天願大介のなまずブログ
ハミ出すこと
今は『魔王』の編集の最中である。
脚本を書くことを通じて脳内の妄想を爆発させるわけで、これは書く人にしかわからない快楽がある。撮影現場になると今度は現実と闘うわけで、毎分毎秒巨大なものと勝負する感じがあって、一度経験するとやめられない。
しかし映画制作の快楽にはまだまだ先がある。編集という作業が、これまた痺れるほど面白いのだ。映画の秘密はすべて編集に隠されている。
映画は脚本の順番通り撮影するのではなく、いろんな都合でバラバラに撮影するもので、現場では頭の中で編集しながら撮っている。そのバラバラなピースを一つに繋げたとき、初めて映画の全体像が現れる。現場で力を出し尽くし最初の編集を見たとき、俺は大体絶望する。
しかし、そこからが映画の闘いだ。あらゆる技と知恵を駆使して作品を整えていく。この作業は地味で苦しいが、編集の過程でその作品の本質を発見確認することも多い。
さて、編集しながらぼんやり考えたことを書いておく。
俺が好む映画には共通点がある。
感覚的な言い方になるけど、それは「ハミ出す」ということだ。どんな映画であれ、画面からハミ出してくる力、その圧力に俺は感銘を受ける。
ハミ出していないものは俺には面白くない。どんなに上手に作ってあっても、内側から圧力が伝わってこない映画は俺にとっては映画ではない(むしろ上手な映画は大抵面白くない。「上手に作る」というのは、ハミ出さないように作るということだから)。
だけど、ただハミ出せばいいというものではないのだ。
ただの無秩序は論外。人生がデタラメでもそれが作品に直結するわけではない。
ハミ出す人たちは、どうしたってハミ出してしまう。今度こそちゃんとやろうと思っていても、どうしてもハミ出してしまう、コントロール不能の狂ったような荒々しさ、絶望的な純粋さに圧倒されたいのである。それは巨匠だろうが新人だろうが関係ない。「壊す」とはちょっと違う、そこまで意識的ではない圧力。むしろ壊すまいと思っているのにハミ出してしまう感じがセクシーなんだけど。
だから昔から三上寛の歌、水木しげるの漫画、立川談志の落語、谷崎潤一郎の小説、ラース・フォン・トリアーや石井聰亙(岳龍)、デュシャン・マカヴェイエフの映画が好きだった(『世界で一番美しい夜』でスズキコージ画伯の絵と三上寛の歌を撮影したときは幸福だった)。
でもそういう正統ハミ族だけでなく、ちゃんとした人が突然ある作品でハミ出してしまうこともあってそれも大好物だ。何とかハミ出そうとしても結局小じんまりまとめただけの人もいる。その努力をチャーミングに感じるときもある。
でも何でハミ出したものが好きなのか。
俺は子供の頃から芸事を見物することが好きだった。今でも何でも見る。いろんな芸を見続けていくと、何となく上手い下手がわかるようになってくる。

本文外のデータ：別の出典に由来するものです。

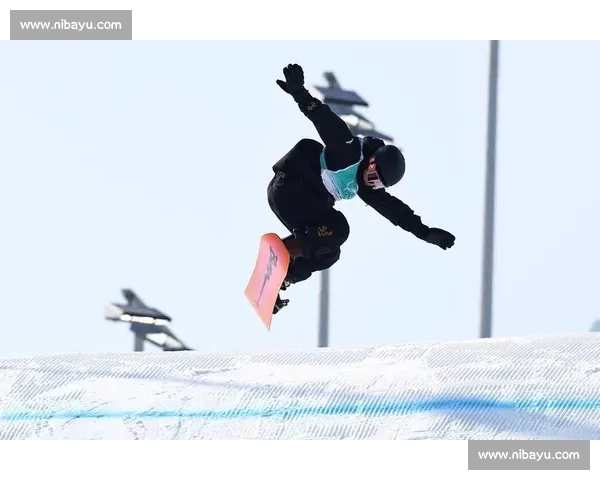 每日体育全景观察 聚焦赛场风云与全民运动热潮背后的故事与精神力量 - 副本 (2)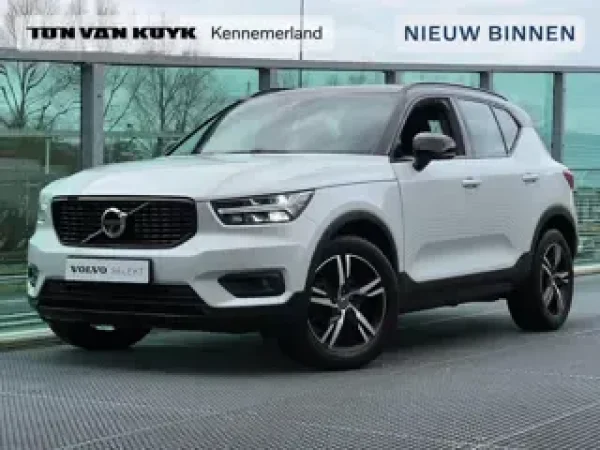 Volvo XC40 1.5 T2 R-Design 2022 - voorkant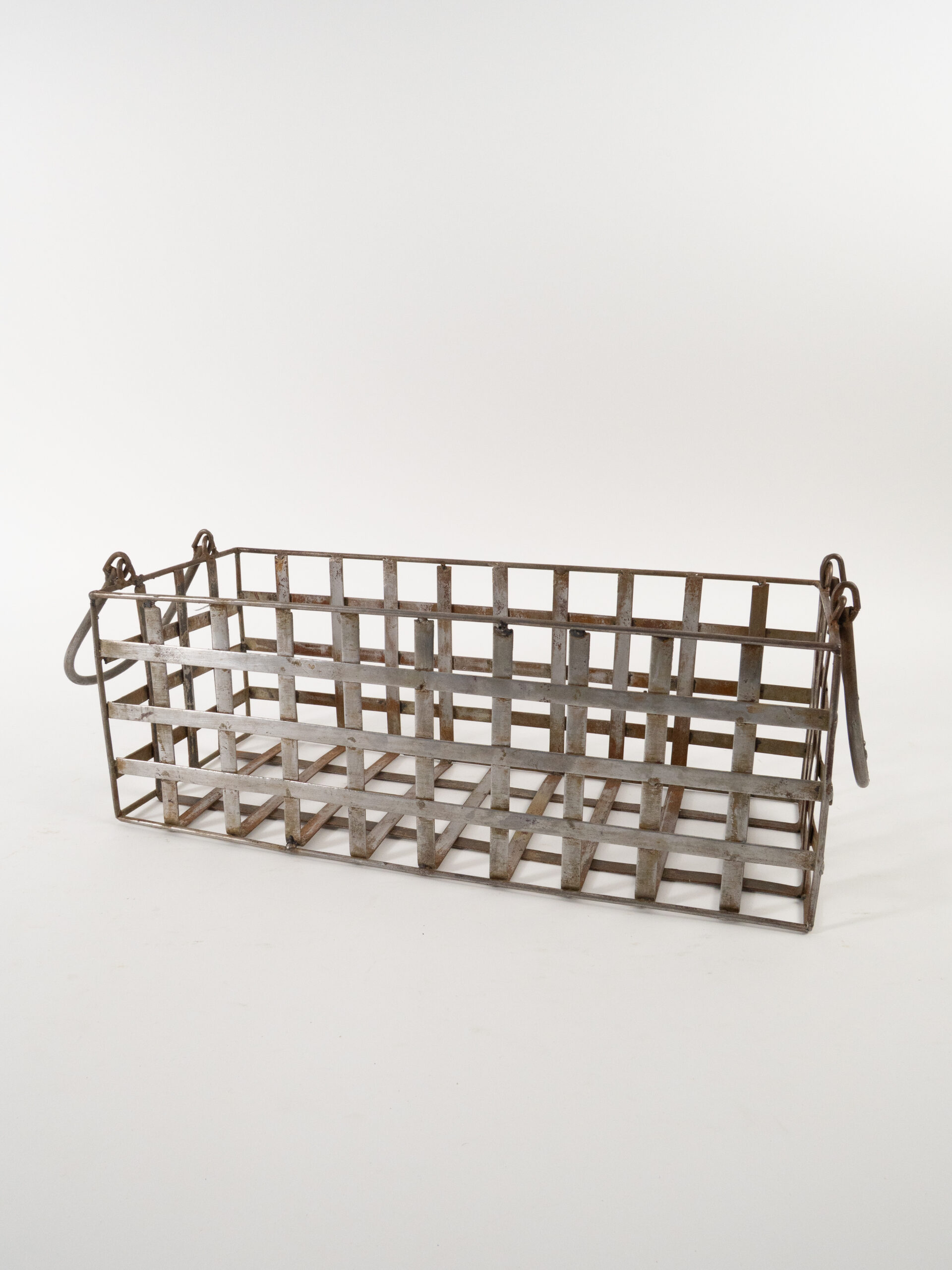 RECTANGULAR IRON WOVEN BASKET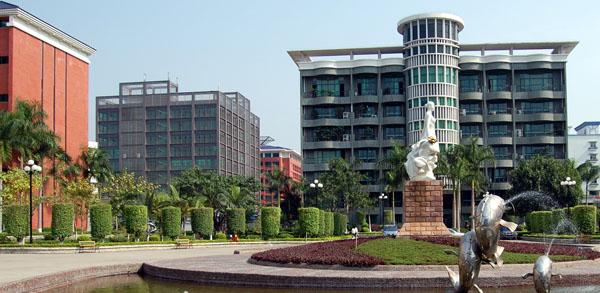 ���ݻ����Ƽ�ְҵѧԺ������ʦ���������أ�һ��ѧ�Ѷ���Ǯ��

芸事はすべて、素人が辿り着けないレベルの技術が絶対に必要だ。こっちが上手いとかあれは下手だとか、それなりにわかるようになってくると、その先に別な基準があるのがわかりだす。
例えば高いレベルの技術と経験を持つプロをずらりと並べてみよう。そこまで行けば皆技術があるから「上手い下手」は基準にならない。でも全員の芸が好きなわけではない。明らかに惹きつけられる芸とそうではない芸がある。
「上手い下手」の先にある基準。それは面白いとか凄いとかゾッとするとか忘れがたいとか狂ってるとか、うまく言えないけど更に上の何で、それは明らかに存在するのだ。それを俺の言葉だと「ハミ出す」と言うわけです。
付け加えれば、「ハミ出す」には狂気だけではなく知性が絶対に必要だ。そこにいながらそこ自体を疑う力というか。知性はデタラメを再構成し魅力に替えてくれる。そして強さも必要。快楽にただ溺れるのでは圧力は失われてしまう。
高い技術と狂気と知性、そして強さを持つこと……。
『デンデラ』という映画を撮ったとき、集まったスタッフの前で「映画とは、誰が一番頭がおかしいかを競うチキンレースです」と言ったことがあった。「そういう映画ばかりではありませんよ」と心あるスタッフに窘められたけど、俺の好きな映画にはどれもそういう感じがある。
この世界、「頭がおかしい」というのは最高の褒め言葉なのだ。どれぐらい俺は頭がおかしいのだろうか。怖ろしいことにチキンレースってのは参加しているかぎり続くものなのである。